Control Resonant é Sequência Feita do Jeito Certo | Joguei!
Recentemente tive a oportunidade de jogar cerca de uma hora e meia de Control Resonant, o novo título da Remedy Entertainment, durante o Summer Game Fest Play Days. A experiência foi surpreendente e, ao contrário do que esperava, o jogo apresenta muito do feeling original de Control, embora com algumas inovações significativas.
Pela primeira impressão, e a partir dos trailers, imaginava que Control Resonant seguiria uma linha narrativa diferente e seria uma experiência bastante distinta do jogo anterior. Contudo, o que encontrei foi uma continuação que manteve a estrutura e a essência do primeiro jogo, mas agora sob a perspectiva de Dylan, o irmão de Jess Faden, que se vê em meio a um novo desafio.
A Remedy define Control Resonant como uma história que se liga diretamente ao enredo original, onde Dylan é o protagonista tentando lidar com uma ameaça que escapou da Casa Mais Antiga. Essa mudança de perspectiva traz um novo viés à narrativa, já que Dylan é descrito como um personagem que carrega o peso do sacrifício, somando profundidade ao seu papel na história.
A trama começa com Jess se desculpando para Dylan, que ainda está em coma. Ela insere a Aberrante, uma arma que tem a capacidade de se transformar, na barriga dele, resultando em uma série de eventos que fazem Dylan despertar e se ver em um Manhattan distorcido e cheio de perigos.
O que se segue é uma jornada pelo combate que, embora envolva uma mecânica de proximidade comparada a jogos como God of War e Devil May Cry, se destaca pela personalização das habilidades e armas. Diferentemente do jogo original, onde as armas eram predominantemente de tiro, Control Resonant oferece um sistema de combate corpo a corpo que permite ao jogador moldar a experiência de luta, utilizando uma combinação de diferentes armas e habilidades.
Um dos principais elementos desse sistema é a Aberrante, que permite a Dylan alternar entre três modos de ataque: uma arma primária, uma secundária e uma finalizadora. Essa abordagem traz uma dinâmica interessante, onde combinações de ataques podem ser adaptadas às preferências do jogador e às fraquezas dos inimigos encontrados.
A personalização se estende não apenas às armas, mas também às habilidades.

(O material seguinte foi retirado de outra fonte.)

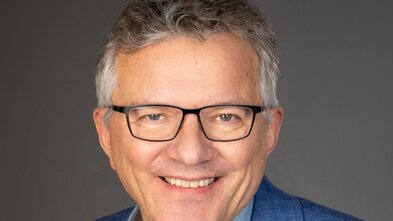Sjö al­gengar rang­hug­myndir um hvali og hval­veiðar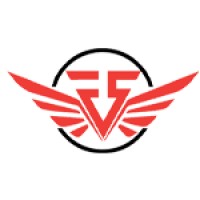 Feather Skin logo - Similar company to Never Enough Notes
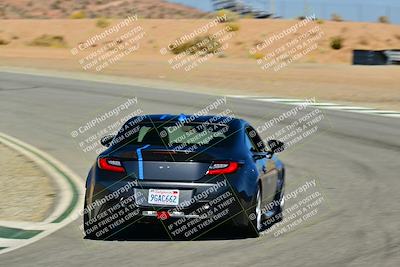 media/Nov-02-2025-Speed Ventures (Sun) [[61724e2e34]]/Black/Session 2/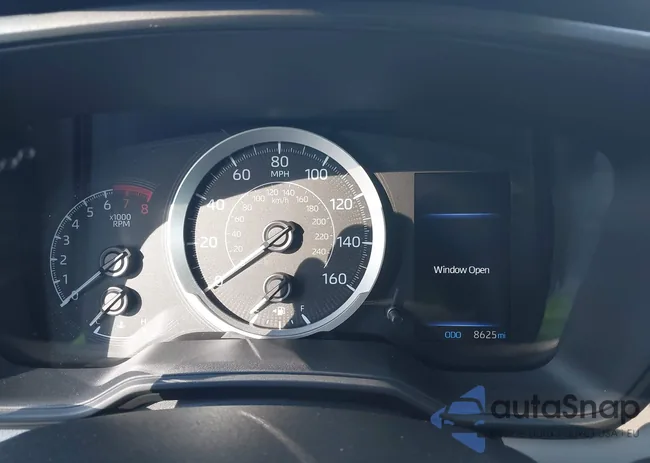 5YFEPMAE5MP163676: 44294955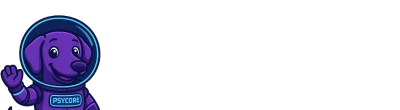 PsyCore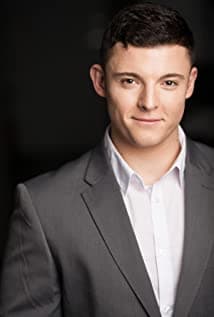 Spencer Graham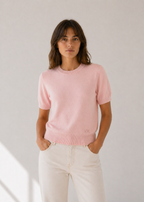 JERSEY CUELLO CAJA BRISA_ROSA AL ATARDECER
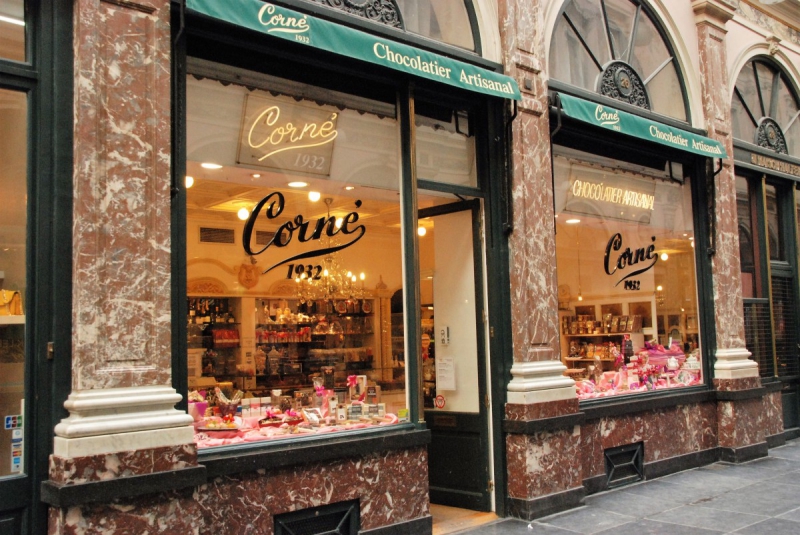 boulangerie-ESPARRON-min_chocolate_chocolaterie_shop_luxury_chic_gallery_brussels_belgium-558146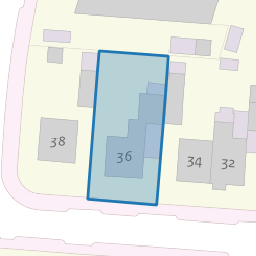 Perceel SRN00-R-3561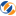 johnboy.linkingnova.com
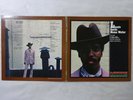 Lonnie Smith Mama Wailer Kudu SR-3318 Japan  VINYL LP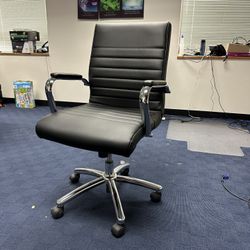 Office Desk Chair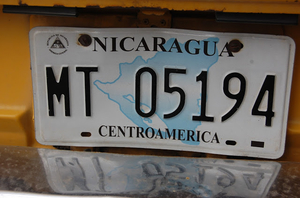 Multifaceted Nicaragua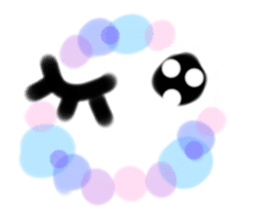 765778805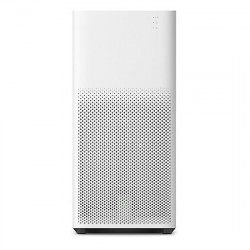 [New 100%] Máy Lọc Không Khí Xiaomi Mi Air Purifier 2H FJY4026GL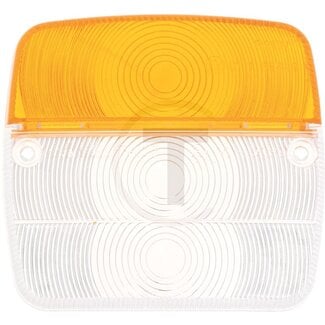 Light lens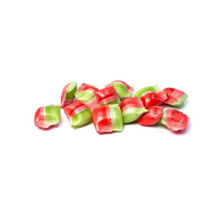 Rock Cando Rosy apple Bo Peep 170g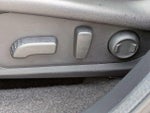 2026 Forester Thumbnail 20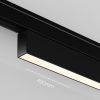 Трековый светильник Technical TR192-1-12W3K-B - 2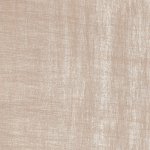 Hemera Blush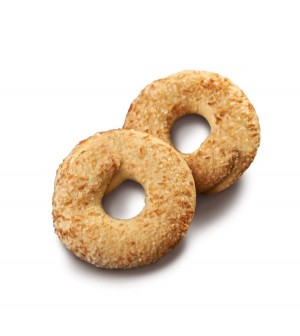 Sweet: Ciast.Kokosza *1.6kg se8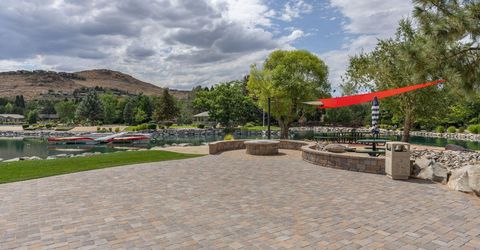 2630 Rockview Drive, Reno, NV 89519 Photo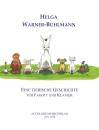 Warner-Buhlmann, Helga: Eine tierische Geschichte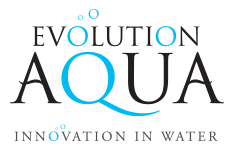 Evolution Aqua Innovation In Water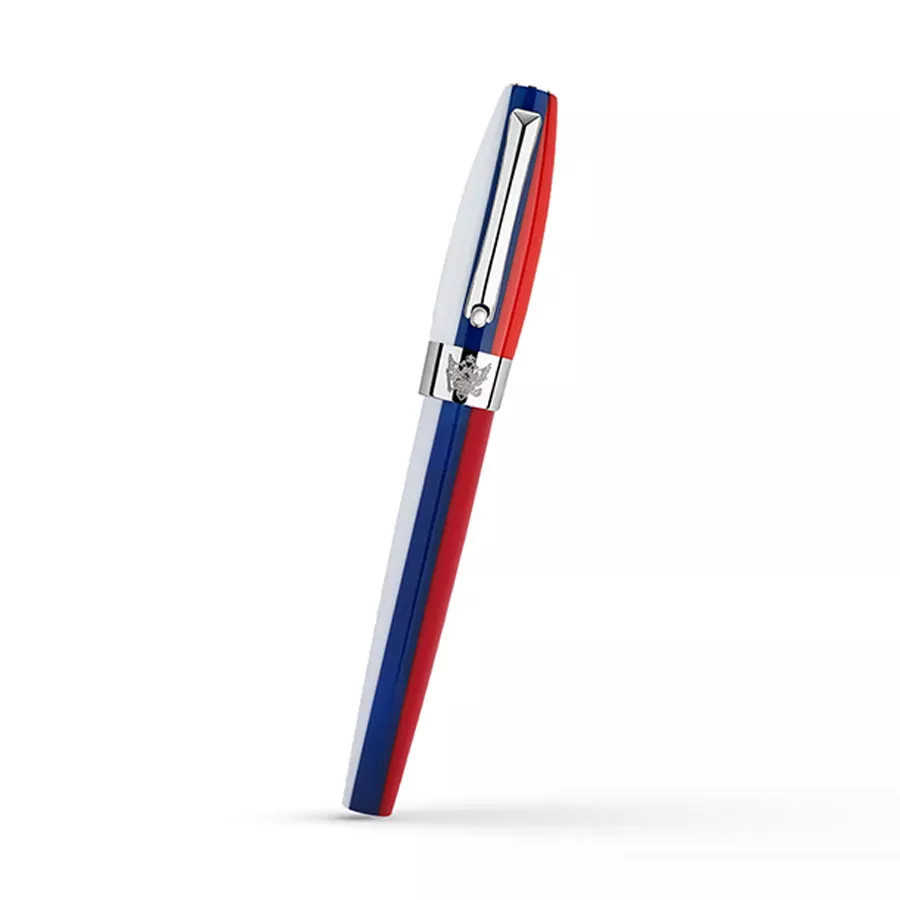 Ручка Montegrappa ISFORRPR Руч  Фото 1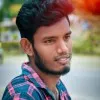 Ramachandran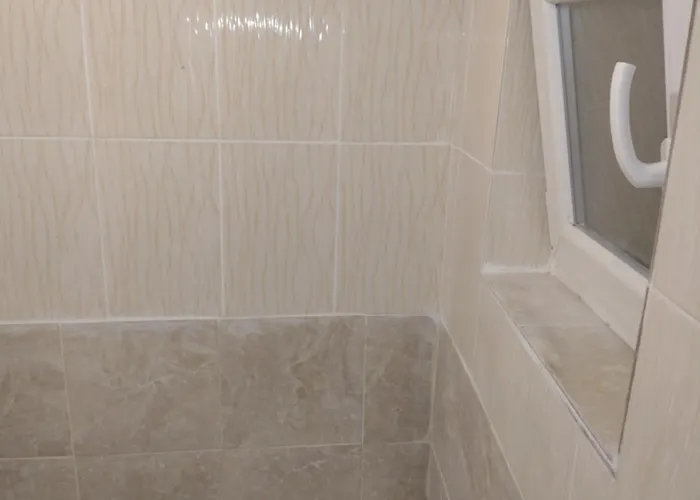 Апартамент за гости иричек *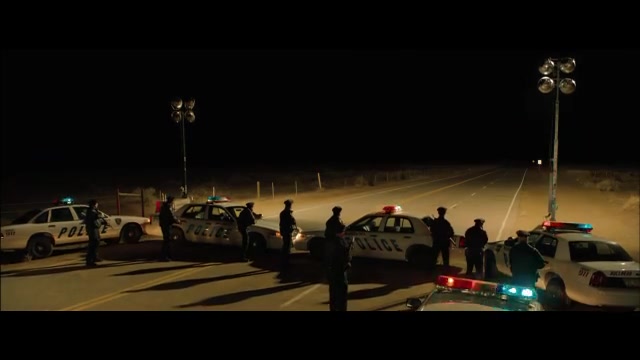 the last stand 2013 فیسبوک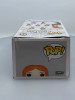 Funko POP! Harry Potter Ginny Weasley with Tom Riddle's diary #58 Vinyl Figure - (201600)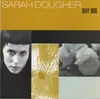 CD - Sarah Dougher - Day One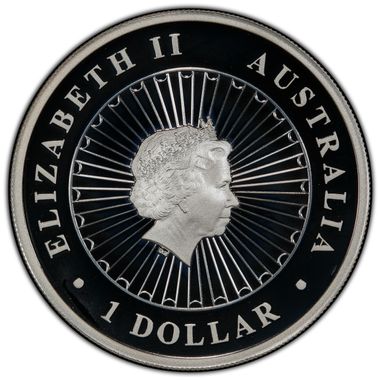 Cert 38939986 - Coin Image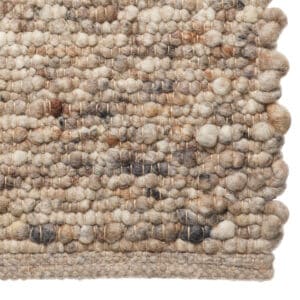 De Munk karpet Venezia 22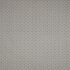 Tatami Stone Fabric by iLiv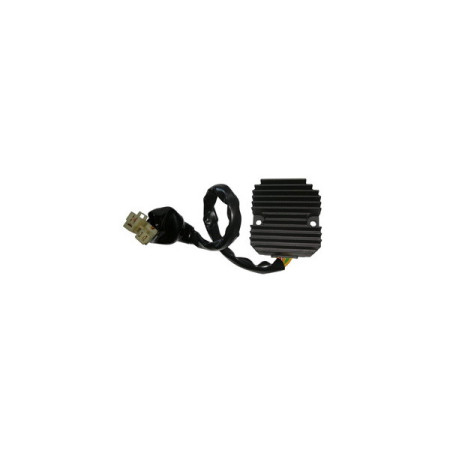 175987.jpg REGOLATORE HONDA VT 750 BLACKWIDOW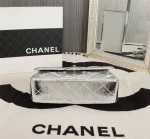 CHANE Hand Carry One Shoulder Crossbody Size: 26*17*7 Style Number: 8949 - Image 8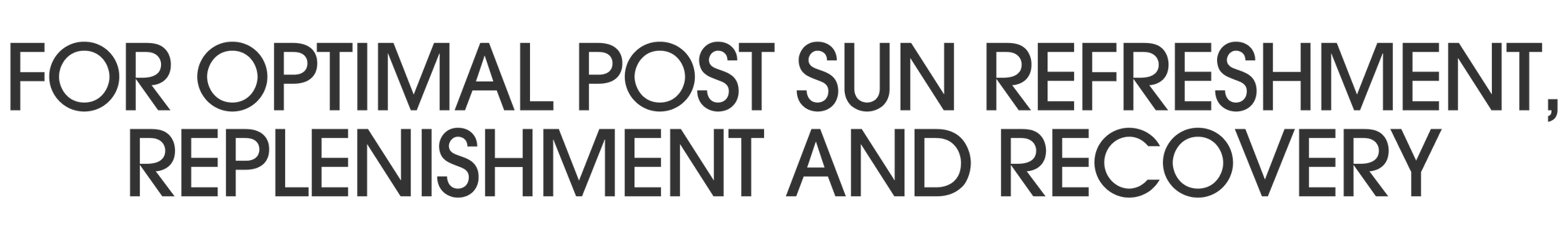 Image requires alternative text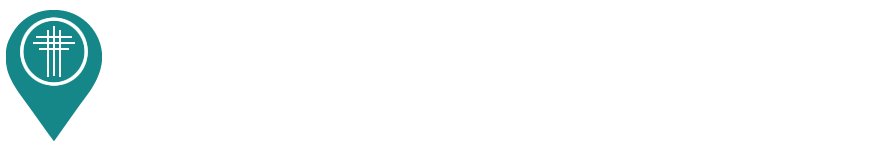 Logo Punto de Encuentro Sevilla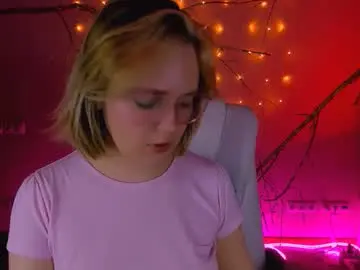 Chaturbate Best live sex cam show of madeline_doll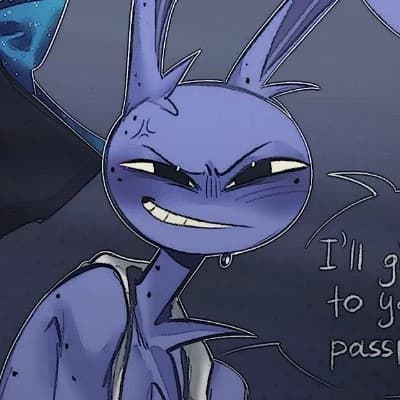 Jax thumbnail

Os jogadores podem ajustar seu loadout com até três habilidades ativas, sendo que cada uma traz suas particularidades e potenciais estratégicos. Por exemplo, um escudo que pode ser usado defensivamente e, ao mesmo tempo, serve como uma armadilha para inimigos, enriquecendo a dinâmica do combate.
Adicionando a isso, há uma barra de abalo que permite que os inimigos sejam fragilizados antes de serem finalizados, conferindo uma camada adicional de estratégia às batalhas. A jogabilidade é fluida e envolve uma boa dose de mobilidade, permitindo que Dylan execute pulos duplos, flutuações e dashs, vitalizando ainda mais o combate e a exploração de cenários.
A Remedy revelou que Control Resonant será lançado no dia 24 de setembro, e embora enfrente uma concorrência forte com outros jogos, eles estão confiantes na qualidade do produto final. Minha impressão é que o título promete manter a rica narrativa e a jogabilidade acessível, enquanto adiciona as novidades que os fãs esperam.
Resumindo, Control Resonant se apresenta como uma sequência digna e inovadora, mantendo a essência do original, mas inovando em seu sistema de combate com novas mecânicas e uma narrativa interessante centrada em Dylan. Estou ansioso para ver como a Remedy irá expandir essa história ao longo do jogo e espero que o público reconheça o potencial dessa obra.